Dear Bird Folks:
Last week I took a few vacation days and went to Boston. While looking out my hotel window, I noticed a flock of pigeons flying above the park across the street. I watched these pigeons for quite a long time as they flew in a tight formation, whirling around back and forth, with apparently no purpose. It was as if the flock had lost its leader. Could this flock have been without a leader or was it simply lost?
Let’s See Sharon,
Boston has several outstanding museums, endless shops to explore, centuries of local history, way too yummy restaurants, not to mention Whitey Bulger hiding under every parked car. And you say you spent “quite a long time” watching pigeons fly in circles. Even I take a break from staring at birds once in a while. But I guess I should be supportive, so let’s take a look at your question.

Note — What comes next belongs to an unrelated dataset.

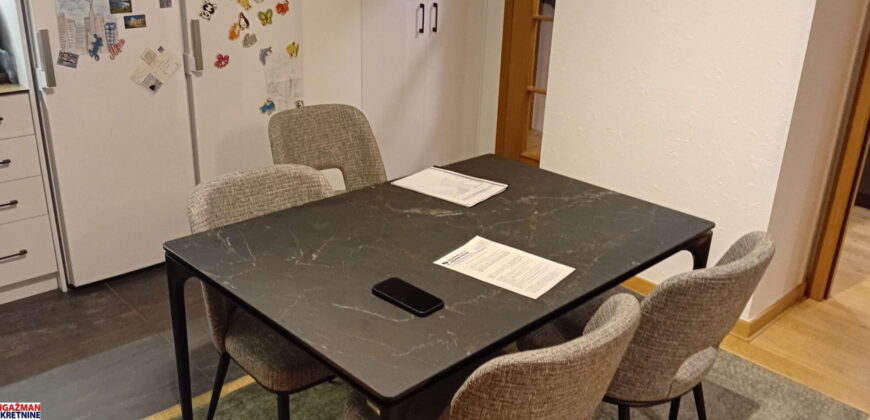 Dorćol, odličan, renoviran – 75kvm (2T)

First, no, your pigeons weren’t lost. When you are in a major city and see pigeons hanging out in a park, there is little chance they are lost. These are the birds from the ‘hood and are very much at home. Now, if you were on the top of, say, Mount Washington and saw a flock of pigeons whirling in circles, you would have a case for them being lost. If you did see a flock of pigeons on top of Mount Washington it would probably be made up of entirely male birds, since the males would rather fly in circles than ask for directions, and be proud of it.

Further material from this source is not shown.